The federal estate tax benefit comes primarily from the lifetime gifting that occurs in this strategy. The assets contributed to the family limited partnership are appraised. The partnership value is also appraised. Generally, the value of the partnership interests are discounted, especially the limited partnership interests, below the value of the underlying assets due to the lack of control and marketability. Over time, parents gift these partnership interests to their family members in an amount valued under the annual exclusion amount, which is the amount an individual can gift to another individual each year during his or her life without being subject to gift tax or a reduction of their estate tax exemption. In this way, parents are able to reduce their taxable estate, not only through the transfer of assets but also by shifting a portion of the income from those assets to the next generation. Depending on your family and where you are at in your operation, there are different gifting strategies to employ and a qualified estate planning attorney should be able to discuss with you the pros and cons of gifting different interests (general or limited).
The IRS continues to scrutinize this strategy closely using many different arguments, not only attacking the valuation discounts, but also arguing that the rights of the limited partners are so limited they amount to having no present interest in the entity and therefore don’t qualify for the annual exclusion gift (currently $14,000 per year, per person). That being said – there is a time and a place for the use of the family limited partnership, but they can also be a breeding ground for trouble if not well thought out and diligently maintained.
The IRS requires that the gifted entity have a legitimate and significant non-tax reason for creating the entity.
Personally, I like to utilize family limited partnerships or other entity gifting strategies when the family, as a whole, has a vision of continuing the operations beyond the life of Mom and Dad.
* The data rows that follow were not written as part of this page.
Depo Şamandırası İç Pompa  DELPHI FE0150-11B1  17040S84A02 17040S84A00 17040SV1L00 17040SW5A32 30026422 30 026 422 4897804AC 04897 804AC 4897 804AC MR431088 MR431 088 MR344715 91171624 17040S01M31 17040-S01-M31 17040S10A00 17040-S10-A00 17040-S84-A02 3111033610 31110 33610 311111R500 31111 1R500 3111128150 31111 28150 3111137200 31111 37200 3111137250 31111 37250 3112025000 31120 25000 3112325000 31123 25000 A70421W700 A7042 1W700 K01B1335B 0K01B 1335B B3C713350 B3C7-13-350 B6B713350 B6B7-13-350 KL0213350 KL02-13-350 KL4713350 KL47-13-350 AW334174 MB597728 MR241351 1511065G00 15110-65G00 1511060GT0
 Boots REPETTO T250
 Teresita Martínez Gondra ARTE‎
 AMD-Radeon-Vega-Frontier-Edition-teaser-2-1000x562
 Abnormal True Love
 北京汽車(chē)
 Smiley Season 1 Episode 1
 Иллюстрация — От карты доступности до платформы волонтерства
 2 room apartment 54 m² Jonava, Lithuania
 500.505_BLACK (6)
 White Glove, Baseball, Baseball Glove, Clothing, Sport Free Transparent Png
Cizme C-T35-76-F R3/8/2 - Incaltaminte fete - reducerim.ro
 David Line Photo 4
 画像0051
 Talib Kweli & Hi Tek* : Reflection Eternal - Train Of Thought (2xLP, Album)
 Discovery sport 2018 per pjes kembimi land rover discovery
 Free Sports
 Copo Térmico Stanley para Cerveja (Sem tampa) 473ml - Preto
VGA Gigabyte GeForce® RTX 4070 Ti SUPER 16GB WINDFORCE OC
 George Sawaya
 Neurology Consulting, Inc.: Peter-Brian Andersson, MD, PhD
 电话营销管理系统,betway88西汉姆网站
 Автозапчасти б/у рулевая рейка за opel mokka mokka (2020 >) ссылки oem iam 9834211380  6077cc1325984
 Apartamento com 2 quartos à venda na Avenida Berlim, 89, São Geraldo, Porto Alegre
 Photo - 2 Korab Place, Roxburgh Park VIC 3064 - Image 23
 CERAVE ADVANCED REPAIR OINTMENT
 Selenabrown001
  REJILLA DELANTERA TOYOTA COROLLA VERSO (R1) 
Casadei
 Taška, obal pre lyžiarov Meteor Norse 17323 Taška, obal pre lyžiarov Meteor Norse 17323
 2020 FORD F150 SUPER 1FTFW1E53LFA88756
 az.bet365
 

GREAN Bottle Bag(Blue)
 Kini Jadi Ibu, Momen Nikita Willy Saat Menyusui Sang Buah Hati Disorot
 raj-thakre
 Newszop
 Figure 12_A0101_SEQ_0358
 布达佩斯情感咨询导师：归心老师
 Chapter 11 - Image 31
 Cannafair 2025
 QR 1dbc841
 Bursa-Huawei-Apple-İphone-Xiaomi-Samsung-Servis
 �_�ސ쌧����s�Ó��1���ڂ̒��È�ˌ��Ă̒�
Many times there are less labor intensive estate planning tools that can be utilized which are less prone to audit than the family limited partnership. If you are considering this option, make sure to consult with a qualified estate planning attorney who not only has researched the pitfalls, but also will hold you accountable on the maintenance of such entity.
Estate planning is not a magic wand; you cannot make hundreds of thousands of dollars disappear by putting assets into a magic black box labeled "family limited partnership." You can, however, create good solid plans so children have great clarity on the who, what, and how to manage your estate during your disability or after you pass away. The key to whatever strategy you utilize is to you understand the pitfalls that exist and stay diligent in the maintenance and review of the components of your estate plan. Make sure you are working with a qualified estate planning attorney who can inform you of these concerns and work with you to create a plan that you will be able to maintain.